I don't really use casein at night, pre-bed so to speak because as doc said, overall I don't think it really matters, the entire day matters.

I use it more as a hunger management tool. For instance, I found that if I had a shake in the AM, like you do, and if it was all whey, I would be hungy within about an hour after the shake. Once i switched it up to a casein (well 1 scoop casein and 1 scoop whey), I can extend that out to about 3 hours (which is ideal for me) and not be "starving" by the next time I wanted to eat. It's a bit of trickery but I use all the tricks I can.


----------



## DocDePanda187123 (Apr 22, 2015)

trodizzle said:


> I don't really use casein at night, pre-bed so to speak because as doc said, overall I don't think it really matters, the entire day matters.
> 
> I use it more as a hunger management tool. For instance, I found that if I had a shake in the AM, like you do, and if it was all whey, I would be hungy within about an hour after the shake.
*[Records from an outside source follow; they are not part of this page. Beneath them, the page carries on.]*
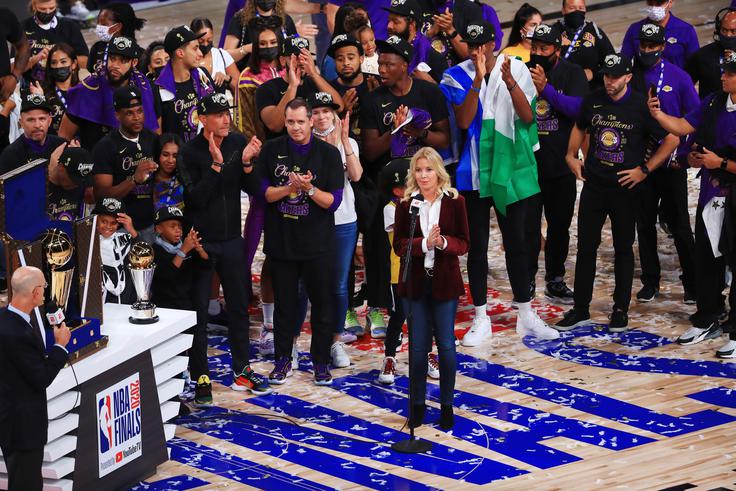 Jeanie Buss Jeanie Buss | Foto: Getty Images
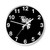 Bill Hicks Just A Ride Wall Clocks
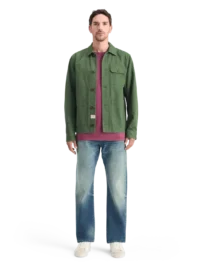 Scotch & Soda 178636 Heavy twill worker jacket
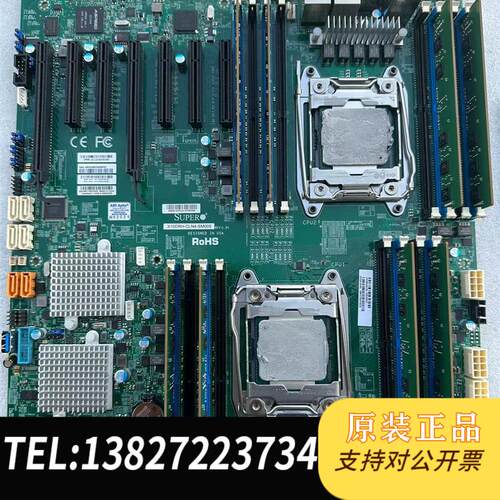 超微主板X10DRH-CLN4-SM005 REV1.01需询价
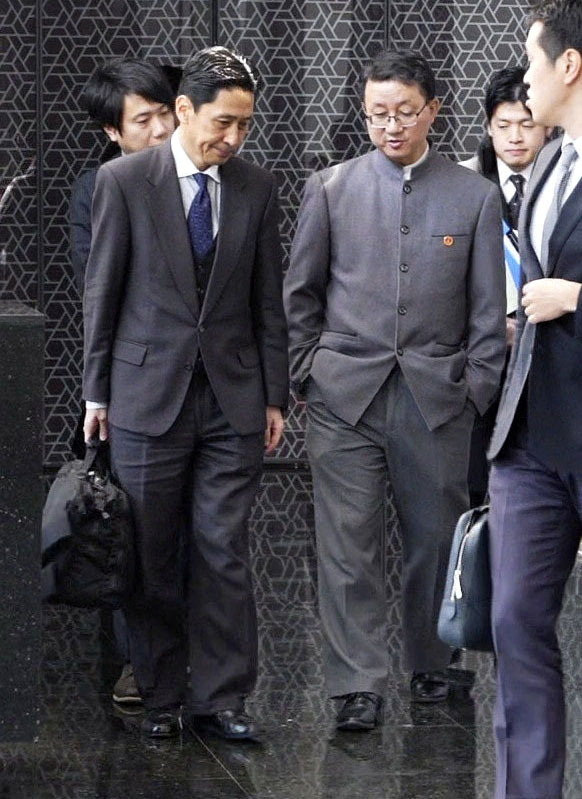 حديث بين ليو جين سونغ وماساكي كاناي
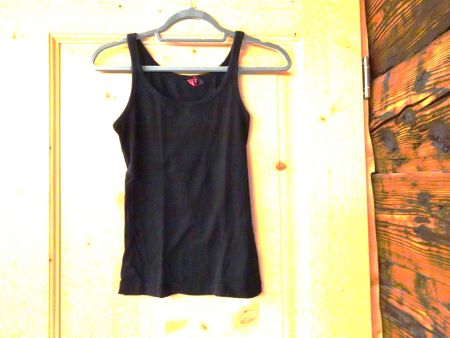 Uni schwarzes Top von H&M Gr. 36 / S - 2603132
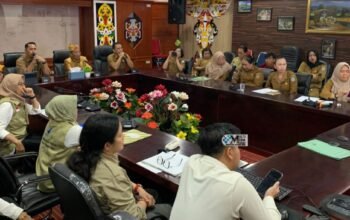 Bupati Heriyus Dampingi Desa Muara Laung I Ikuti Verifikasi Lomba Desa Aman Pangan Tingkat Nasional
Once i switched it up to a casein (well 1 scoop casein and 1 scoop whey), I can extend that out to about 3 hours (which is ideal for me) and not be "starving" by the next time I wanted to eat. It's a bit of trickery but I use all the tricks I can.



You mix your shakes with water? 

Reason I ask is bc that happens to me when I make shakes in water. Adding in some milk eliminates this from the fat content and you also get some of the casein mixed in.


----------



## PillarofBalance (Apr 22, 2015)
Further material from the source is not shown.